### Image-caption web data
· · ·
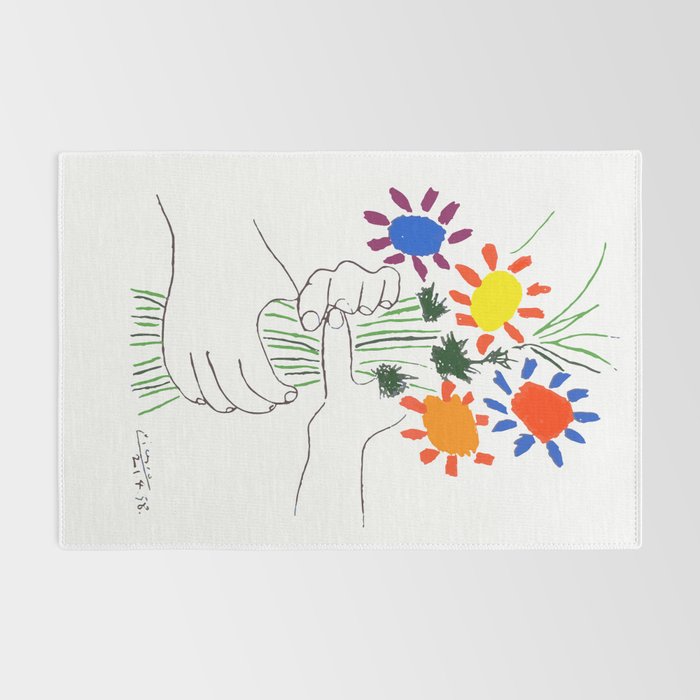 Pablo Picasso Bouquet Of Peace 1958 (Flowers Bouquet With Hands), T Shirt, Artwork Rug Gallery Image 2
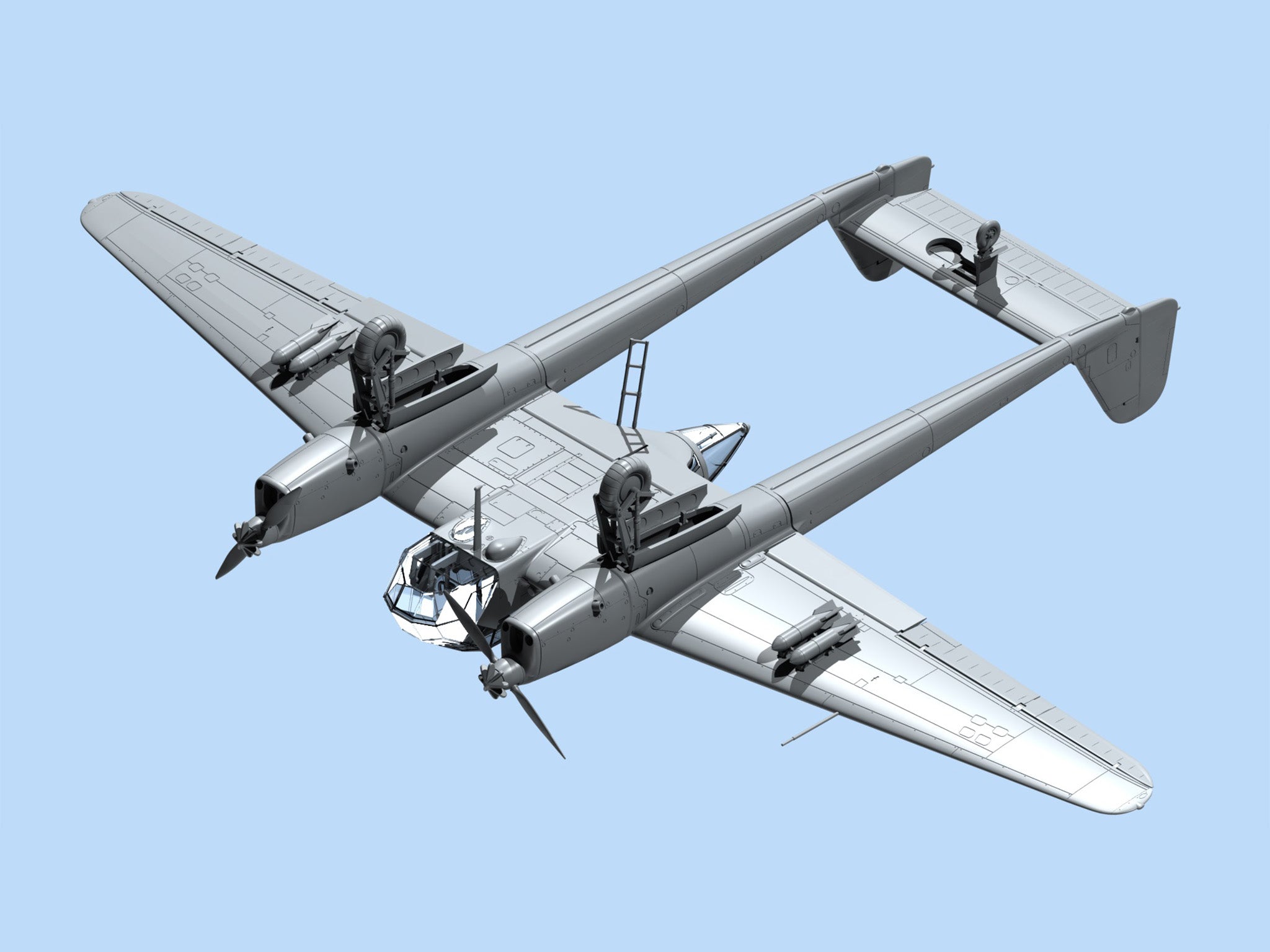 ICM 72291 Plastic model kit Scale 1:72 German reconnaissance plane Fw 189A-1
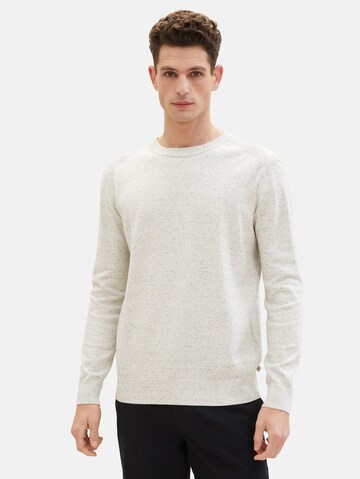 TOM TAILOR Sweater in White: front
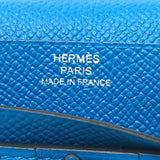 Hermes Bearn Souffle Bifold Long Wallet Blue Zanzibar blue SilverHardware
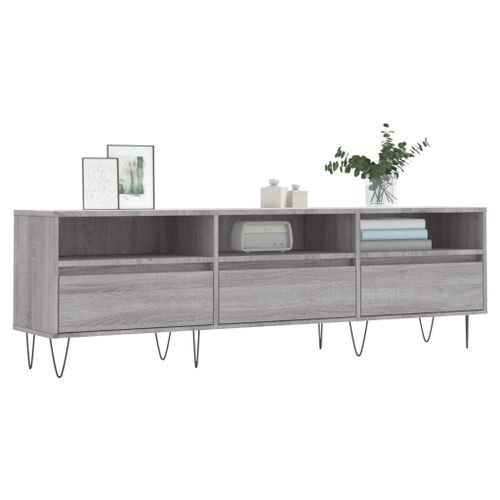 Meuble TV sonoma gris 150x30x44,5 cm bois d'ingénierie - Photo n°3; ?>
· · ·
Set every entry down again word for word, but not the pictures.

 Pablo Picasso Bouquet Of Peace 1958 (Flowers Bouquet With Hands), T Shirt, Artwork Rug Gallery Image 2
 ICM 72291 Plastic model kit Scale 1:72 German reconnaissance plane Fw 189A-1
 TOM TAILOR Sweater in White: front
 Hermes Bearn Souffle Bifold Long Wallet Blue Zanzibar blue SilverHardware
 Meuble TV sonoma gris 150x30x44,5 cm bois d'ingénierie - Photo n°3; ?>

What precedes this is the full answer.